A forma da ocorrência de doenças é resultante de um processo dinâmico de interação entre três fatores, hospedeiro, patógeno e ambiente. Modificando-se um ou mais destes fatores, criando-se condições favoráveis à planta de arroz, é possível reduzir o potencial de danos (NUNES et al., 2004).

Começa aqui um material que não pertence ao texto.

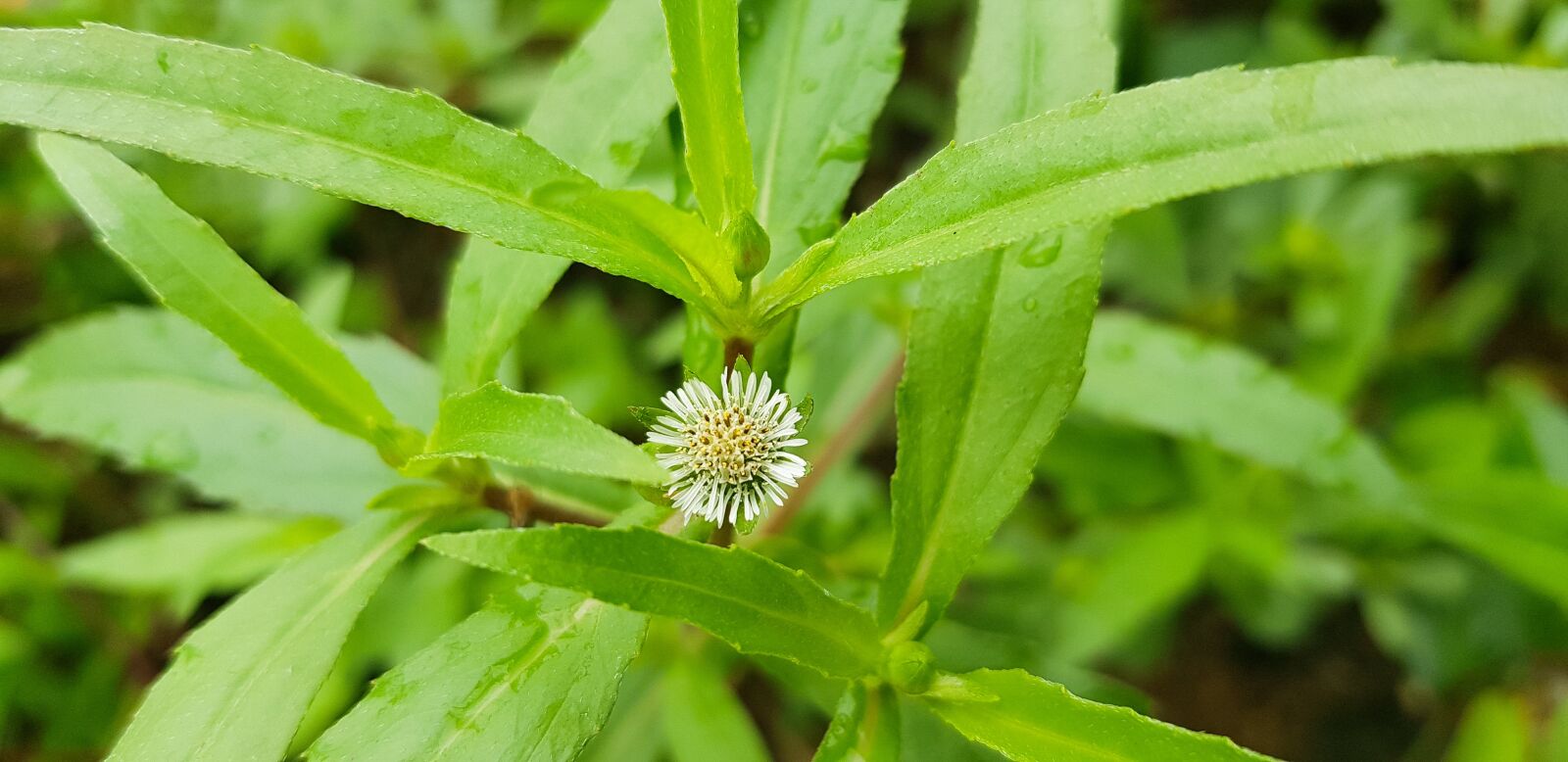 Samsung SM-N950N sample photo. Wildflower, flower, plant photography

O comportamento da planta de arroz pode ser modificado por meio de práticas culturais como a época e a densidade de semeadura mais adequadas, adubação equilibrada e irrigação por submersão contínua. Tais práticas poderão contribuir para maior tolerância das plantas às diferentes doenças e resultar em produtividades mais rentáveis. Ressalta-se que uma determinada doença se estabelecerá mais facilidade se a planta de arroz estiver submetida a estresses de qualquer natureza, principalmente térmicos, hídricos ou nutricionais, se ocorrer elevada população de patógenos virulentos na área e se as condições climáticas forem favoráveis a epidemia. Portanto, destacadamente, o sistema de produção de arroz orgânico requer a adoção de um conjunto de princípios e medidas que considerem a associação entre o patógeno, à planta hospedeira e as condições ambientais, visando reduzir o inóculo inicial (taxa de infecção). Assim, minimizar-se-ão os riscos de estabelecimento das doenças.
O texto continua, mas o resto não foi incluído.